Keine abgeschlossene Geschichte erzählt der Abend, sondern stellt ein opulentes offenes Theater der unfertigen Formen aus, das ebenso viel von der Leere der Konsumgesellschaft erzählt wie vom Ende und Neuanfang des Theaters.

Neue Theatergeneration

Denn Ziel des Projektes ist es, ein Theater der neuen Generation und eine neue Generation von Theater zugleich zu erproben: radikal basisdemokratisch, anarchisch postdramatisch und leidenschaftlich antipädagogisch. Kinder und Skart-Performer sind alles zugleich: Ideengeber und Regisseure, Darsteller und Autoren, Bühnen- und Kostümbildner. Ein emanzipiertes gemeinsames Lernen voneinander statt machtbasierter verdummender Pädagogik.

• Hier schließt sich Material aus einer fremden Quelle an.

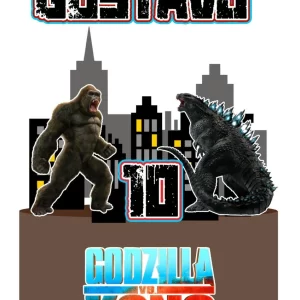 Topo de Bolo Godzilla Studio para festa de aniversário e decoração temática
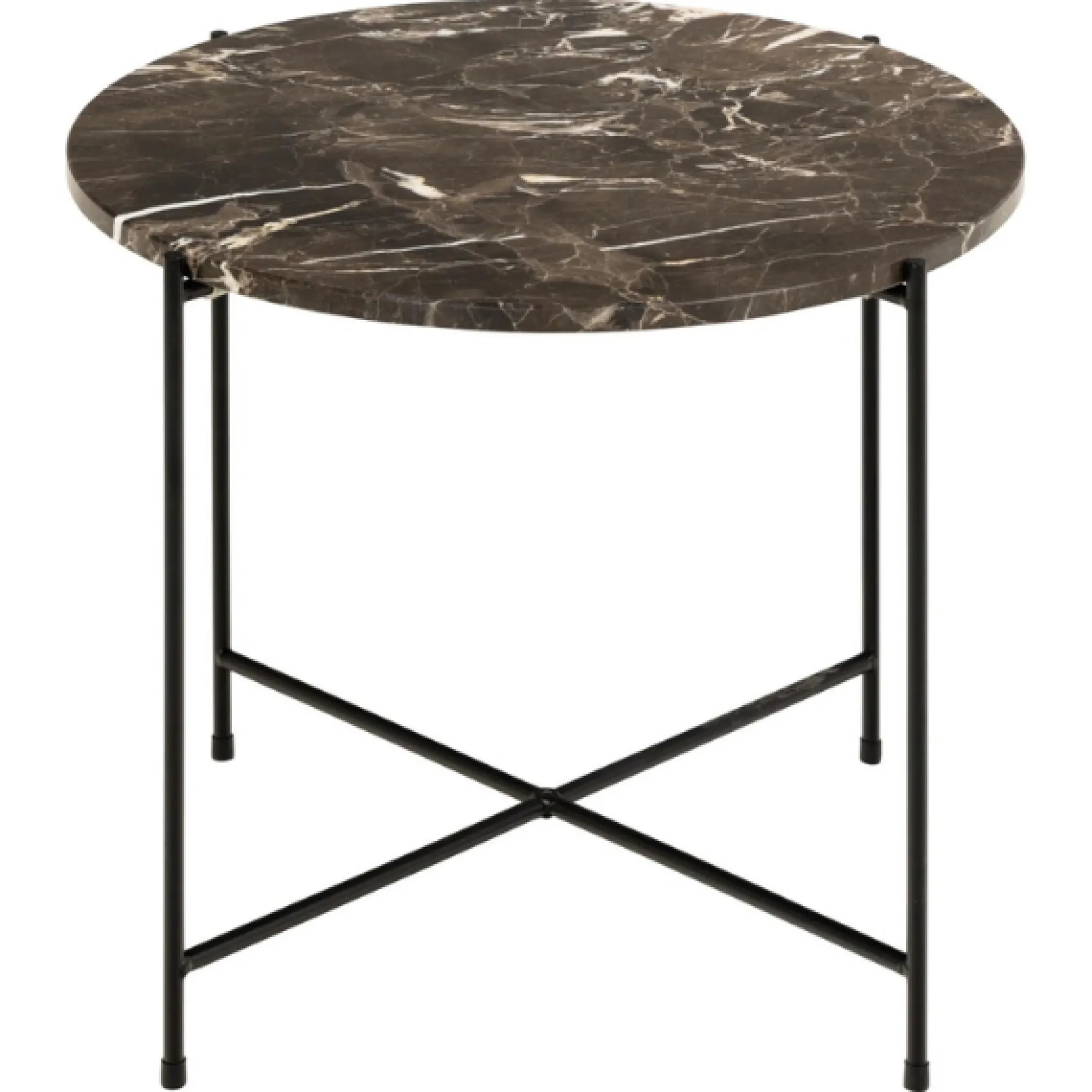Beistelltisch Avila Ø52 cm - brauner Marmor/schwarz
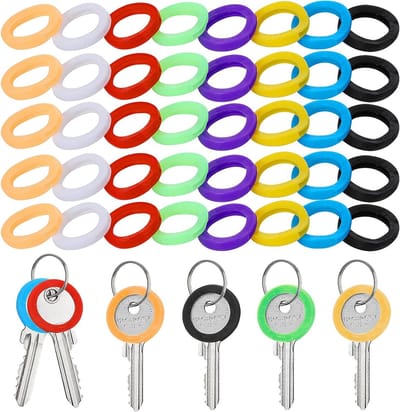 40 Stuks Sleutelhulsjes in 8 Kleuren, Sleutel Identificatie Caps, Kleurcode Labels voor Sleutels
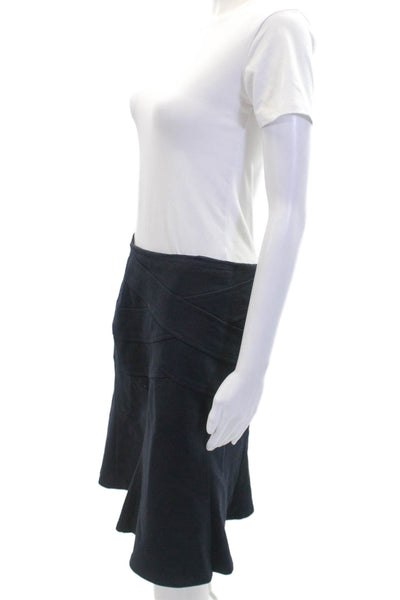 Nanette Lepore Womens Back Zip Knee Length A Line Skirt Navy Size 8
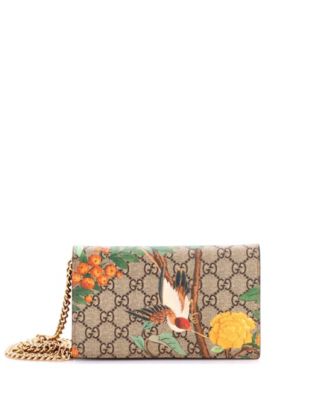 Chain Wallet Tian Print GG Coated Canvas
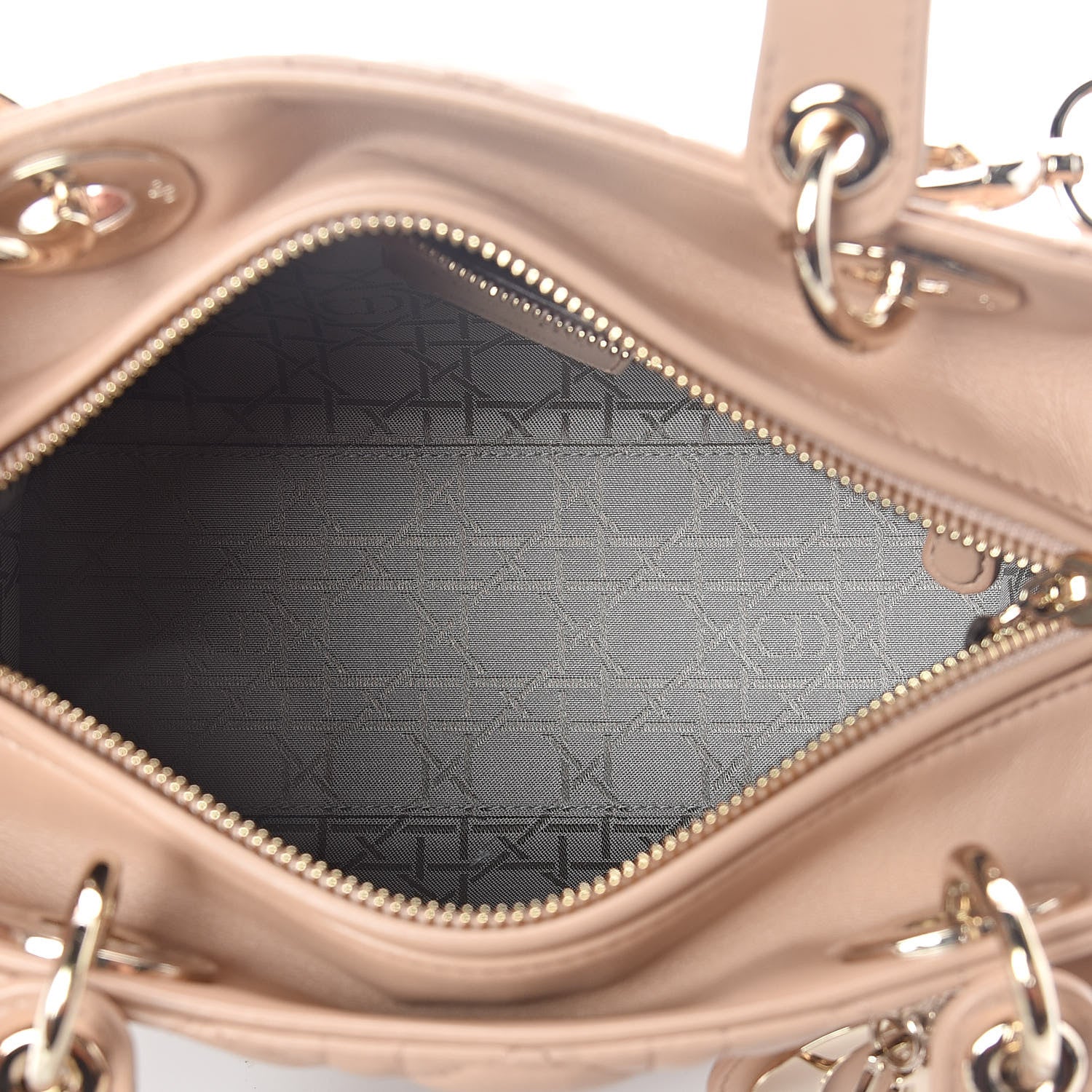 Christian Dior Lambskin Cannage Medium Lady Dior Beige 5 of 8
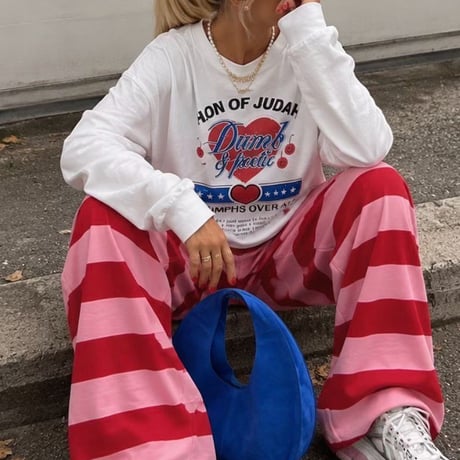 1082 border jogger pants/2カラー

Heraus kommt tatsächlich weder ein Theater nur für Kinder und Jugendliche noch eine eitle Veranstaltung für Theaterwissenschaftler, sondern eine soziale Plastik, die man als eigenständigen Beitrag zur kulturellen Bildung unbedingt ernst nehmen darf.

Dieses Finale der Trilogie wirkt reduzierter als der noch etwas herumtastende erste Teil und der zweite mit seiner an Verweisen und Bildern überreichen Üppigkeit. Und dass es, dem nicht immer flott vorangehenden Bühnenbildbasteln geschuldet, ein paar Längen gab, das mag man gern verzeihen. Beim groß angelegten Theaterumbau muss ja erlaubt sein, dass man sich dafür Zeit nimmt.